5/10
"Head Piece" Misses the Target
31 December 2004
I heartily recommend that you watch this movie for the acting, not the plot. Briefly, this is a half-baked concept, sloppily written around the edges, but the handful of actors in the high-profile roles make it worth renting -- as long as you're not expecting more. The main characters are excellent in their roles, with a supporting cast deserving of award nominations. Sophia Loren does more with few words than most of our cinema stars; the rest of the cast match her well. The supporting actors with not quite too many words walk the fine line between doing too much and too little, and make each arc come alive for the woman in the middle.

But give up on the plot. The three arcs do not share the common thread stated in the promotional materials. The little girl who appears to each is not a herald of emotional transition; rather, she is Ponti's (writer/director) admission that the preceding scene, supposedly emotional, has a weak ending, just as with the movie's ending (which is more like a cartoon ending than a high-profile movie). The girl is a pop-up window with a tiny banner reading "missing climax".

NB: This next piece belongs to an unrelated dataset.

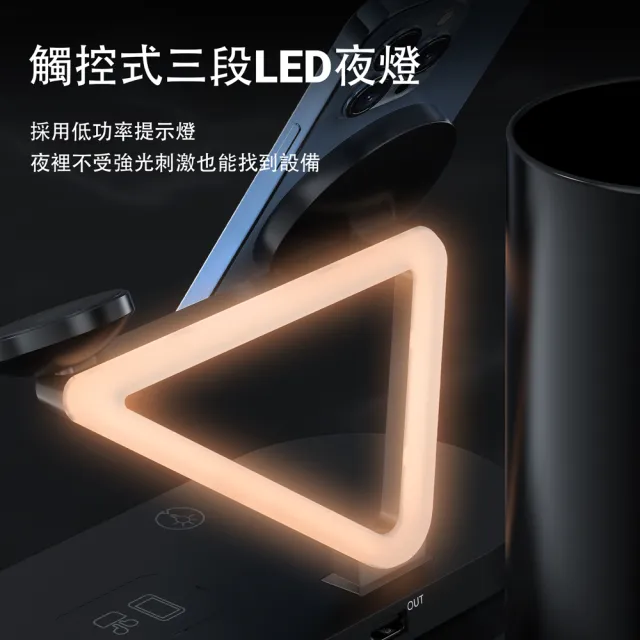 【ACEFAST】35W E9 MagSafe磁吸LED氣氛燈三合一無線充電座(支援iPhone、Apple手錶、耳機同時充電)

I don't insist on having a cheesy Hollywood ending, where all the loose ends are tied up and the main characters are happy. "Between Strangers" simply fails to tie the three stories together. They are not "intertwined". They're paced similarly, but hardly parallel. When the movie finishes at a minor cadence point for each, there's no real feeling of resolution or accomplishment; any of the three could easily return to the previous life. The loose ends left behind are typical for real life -- in fact, none of the three seems to feel any need to clean up any loose ends. They all come off as self-centered, thoughtless people in this respect. (To be honest, several of their loose ends deserve no more.) Still, the plots start in the middle, end at a minor cadence, and don't really develop cleanly on the way. Various minor characters drift in and out, apparently important to the central woman, but the writer never informs us of what they're doing in her life, why she pays so much attention to them.